━━ Data extracts ━━
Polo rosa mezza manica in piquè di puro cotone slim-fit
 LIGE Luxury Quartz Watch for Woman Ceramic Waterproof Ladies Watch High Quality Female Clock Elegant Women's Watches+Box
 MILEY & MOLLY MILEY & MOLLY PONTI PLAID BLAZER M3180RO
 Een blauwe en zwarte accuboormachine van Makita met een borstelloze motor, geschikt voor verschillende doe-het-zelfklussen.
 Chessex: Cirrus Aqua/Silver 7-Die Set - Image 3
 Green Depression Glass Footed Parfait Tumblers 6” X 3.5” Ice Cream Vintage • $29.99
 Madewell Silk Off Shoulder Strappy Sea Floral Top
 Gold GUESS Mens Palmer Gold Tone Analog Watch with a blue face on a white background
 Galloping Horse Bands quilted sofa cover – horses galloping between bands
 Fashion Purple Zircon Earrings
━━━
— What to work on —
Copy verbatim, from the listing above, each line from the one containing "LIGE Luxury Quartz" down to the one containing "Gold GUESS Mens", inclusive.

— Task response —
 LIGE Luxury Quartz Watch for Woman Ceramic Waterproof Ladies Watch High Quality Female Clock Elegant Women's Watches+Box
 MILEY & MOLLY MILEY & MOLLY PONTI PLAID BLAZER M3180RO
 Een blauwe en zwarte accuboormachine van Makita met een borstelloze motor, geschikt voor verschillende doe-het-zelfklussen.
 Chessex: Cirrus Aqua/Silver 7-Die Set - Image 3
 Green Depression Glass Footed Parfait Tumblers 6” X 3.5” Ice Cream Vintage • $29.99
 Madewell Silk Off Shoulder Strappy Sea Floral Top
 Gold GUESS Mens Palmer Gold Tone Analog Watch with a blue face on a white background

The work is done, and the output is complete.